§ The problem: Leaving the pictures out, transcribe the records below exactly.

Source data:
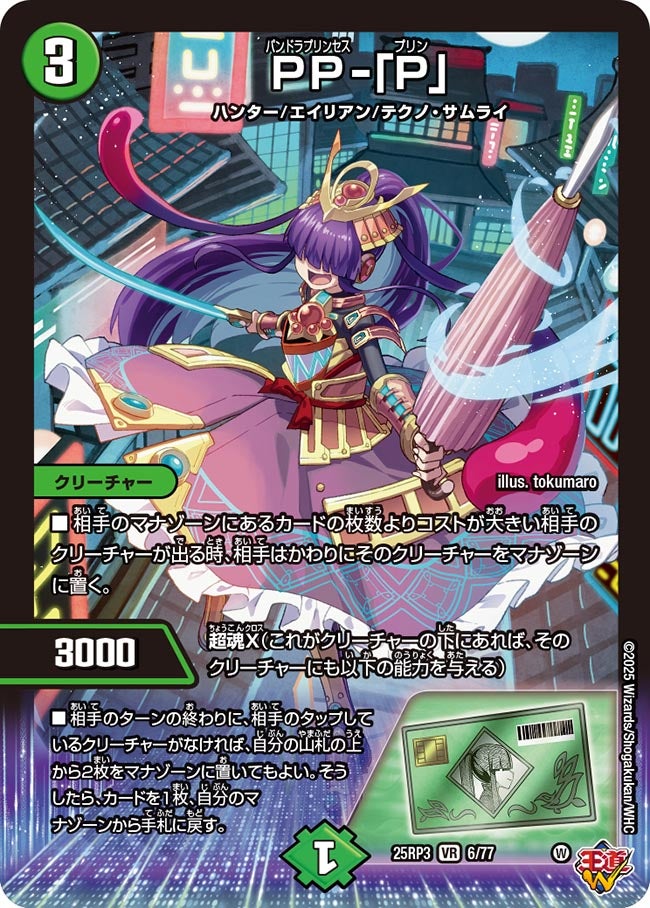 デュエルマスターズ PP-「P」 4枚 Amazon.co.jp: 【4枚セット】デュエル・マスターズ 23RP2OR2 邪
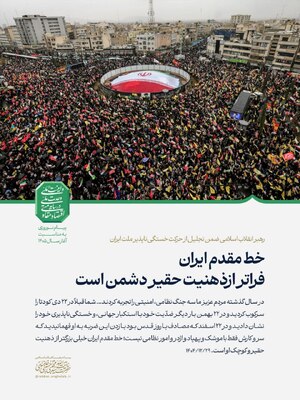 پیام نوروزی آیت‌الله سیّدمجتبیٰ حسینی خامنه‌ای به مناسبت آغاز سال ۱۴۰۵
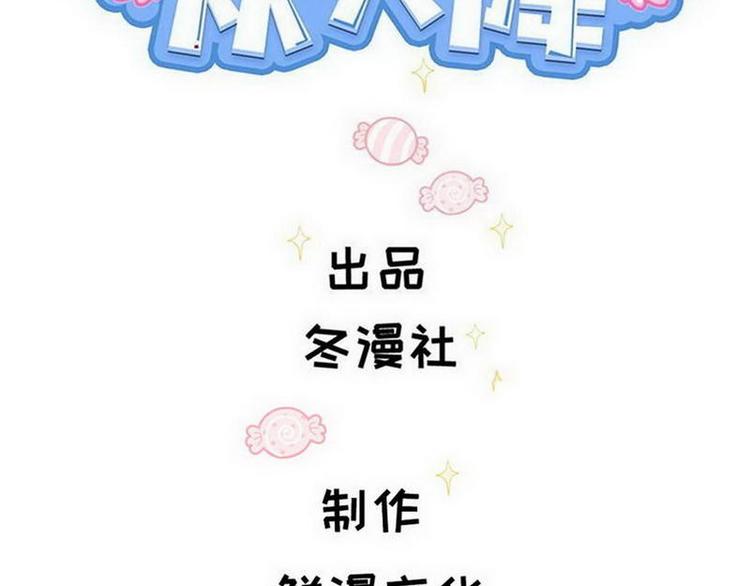 第73话 你身上的香水味(1/2)-第74话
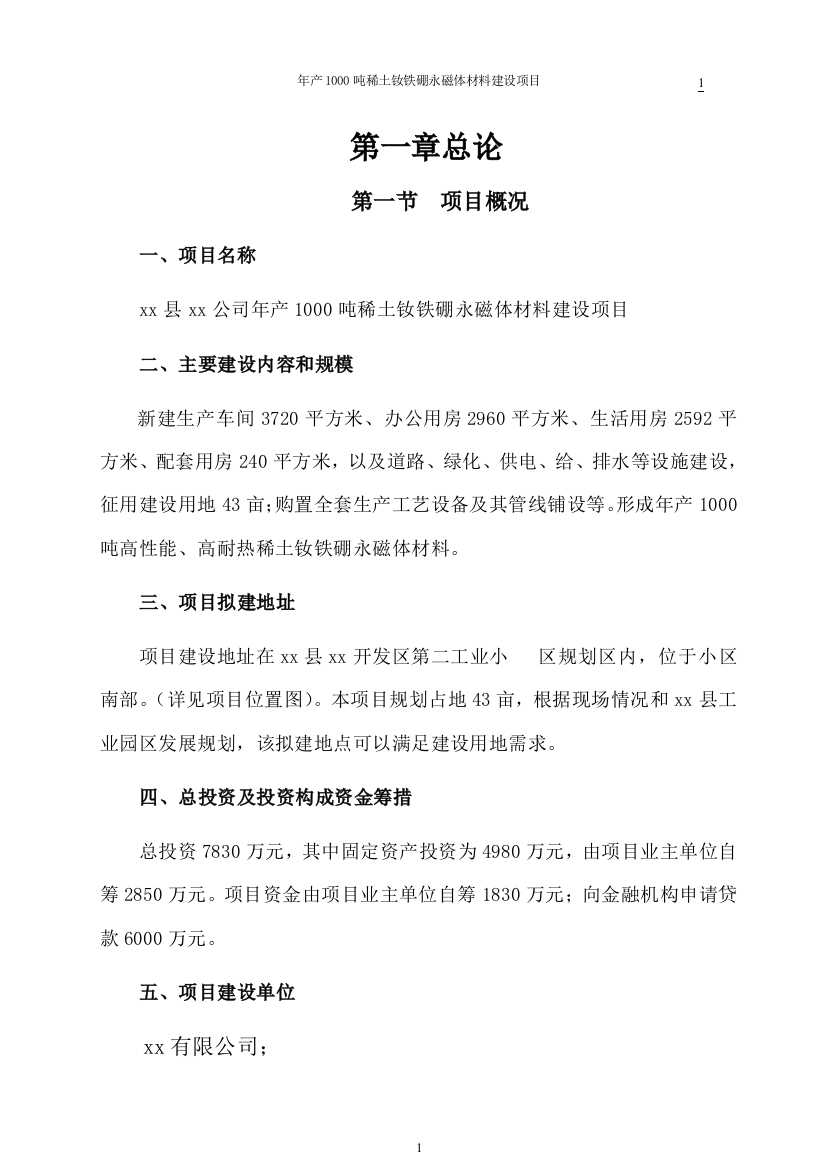 1000吨稀土钕铁硼永磁体材料新建项目可行性策划书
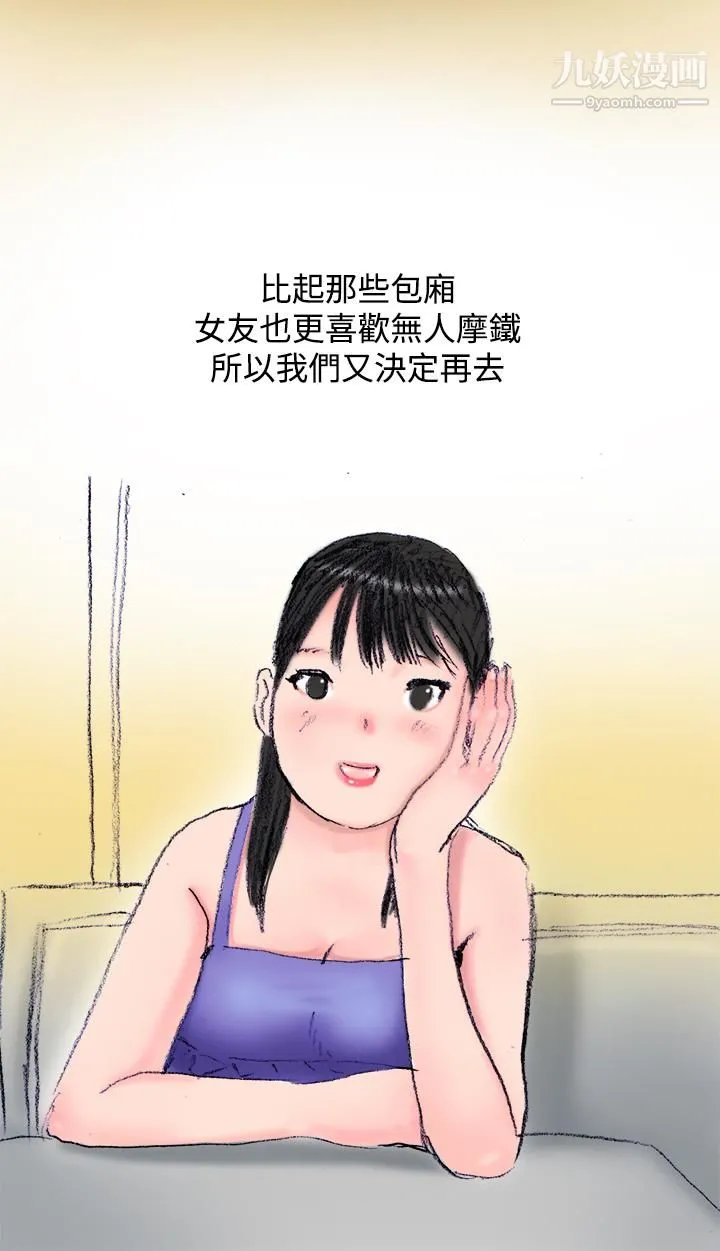 秘密Story第三季 21蚱蜢情侣[下] 第5页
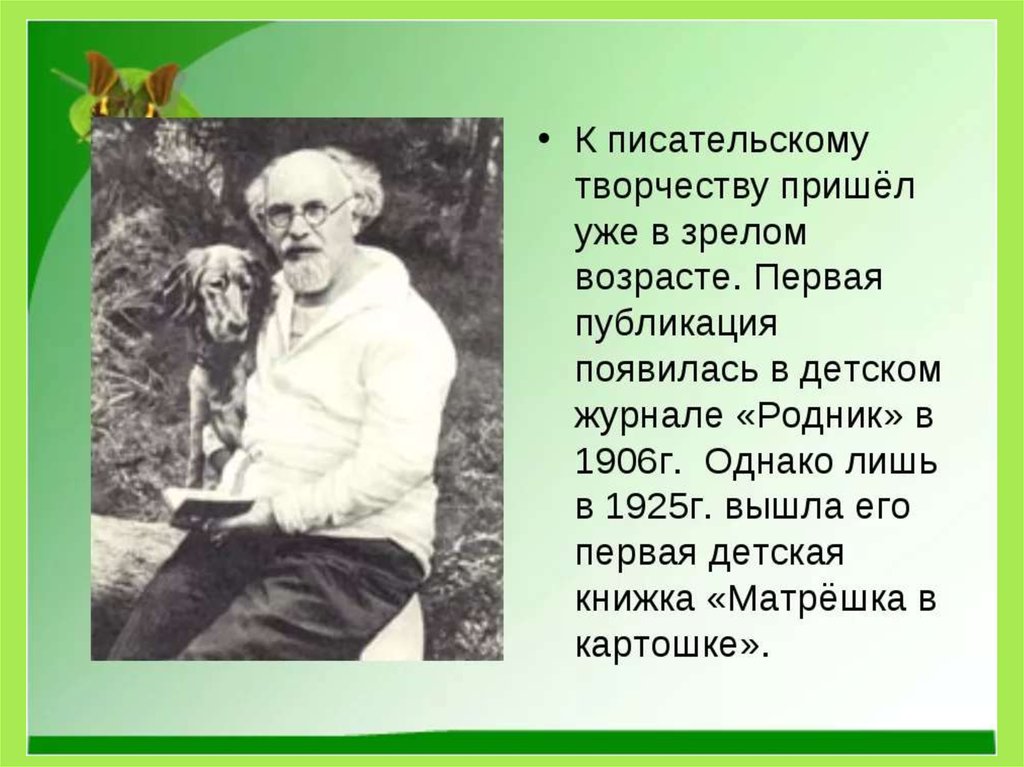 Михаил михайлович пришвин презентация 3 класс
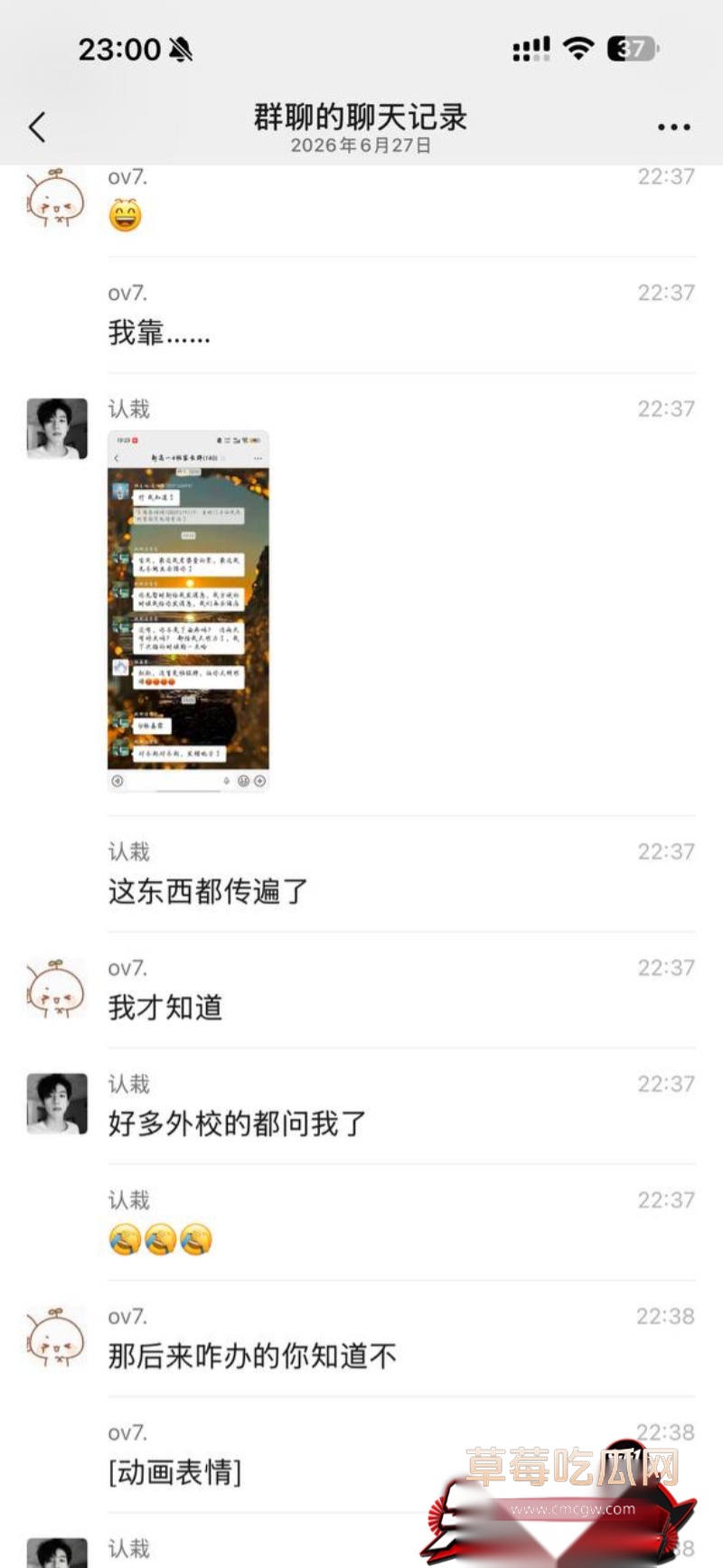 广东佛山莘村中学家长 12 广东佛山莘村中学家长 12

§ Output of the exercise:
 デュエルマスターズ PP-「P」 4枚 Amazon.co.jp: 【4枚セット】デュエル・マスターズ 23RP2OR2 邪
 پیام نوروزی آیت‌الله سیّدمجتبیٰ حسینی خامنه‌ای به مناسبت آغاز سال ۱۴۰۵
 第73话 你身上的香水味(1/2)-第74话
 1000吨稀土钕铁硼永磁体材料新建项目可行性策划书
 秘密Story第三季 21蚱蜢情侣[下] 第5页
 Михаил михайлович пришвин презентация 3 класс
 广东佛山莘村中学家长 12 广东佛山莘村中学家长 12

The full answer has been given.